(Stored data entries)
--- START ---

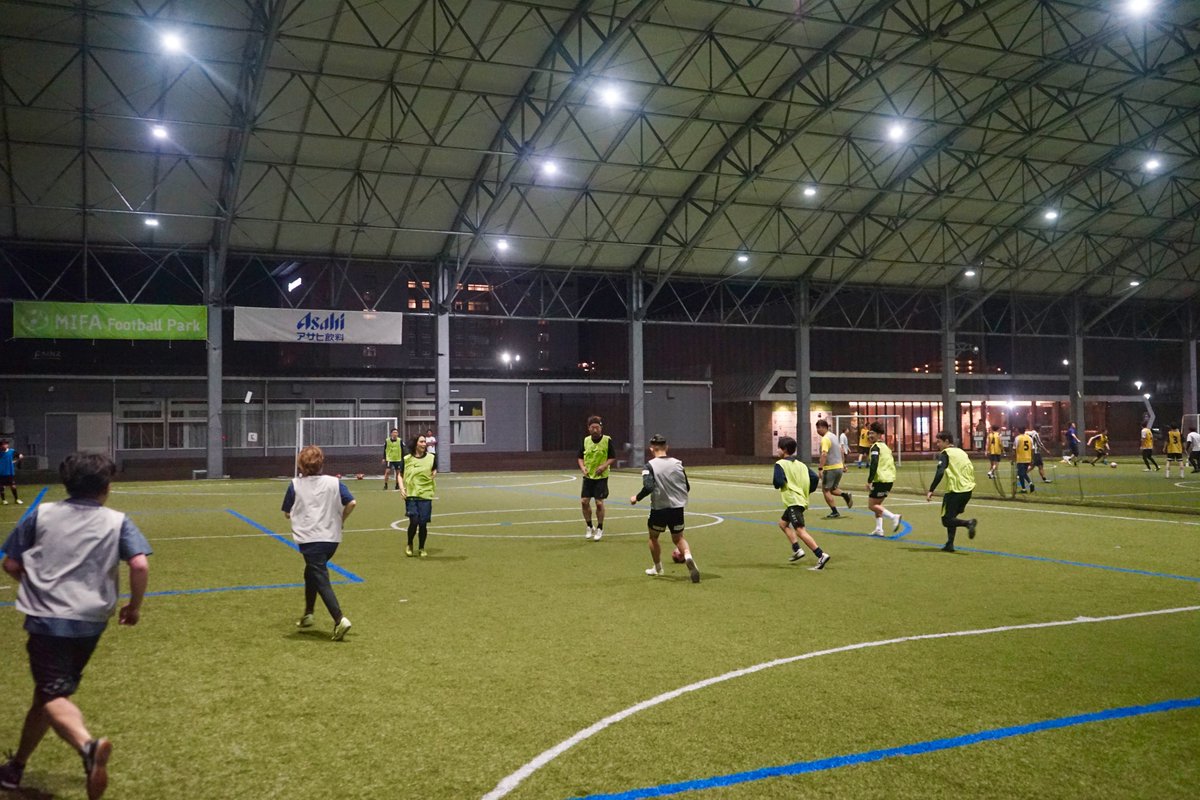 【フットサルクリニック開催⚽️】  
昨日、ヴォスクオーレ仙台主催のフットサルクリニックが開催されました！
選手からの説明や、実際に一緒にプレーをすることで、楽しそうな空間が広がっていました⚽️
次回は、10/15(水)20時から行います！
x.gd/QYRIq
#MIFAFP仙台 #ヴォスクオーレ仙台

--- END ---

*ABOUT THIS TASK*
Output each record verbatim and leave out its pictures.

*RESULT OF THIS EXERCISE*
 【フットサルクリニック開催⚽️】  
昨日、ヴォスクオーレ仙台主催のフットサルクリニックが開催されました！
選手からの説明や、実際に一緒にプレーをすることで、楽しそうな空間が広がっていました⚽️
次回は、10/15(水)20時から行います！
x.gd/QYRIq
#MIFAFP仙台 #ヴォスクオーレ仙台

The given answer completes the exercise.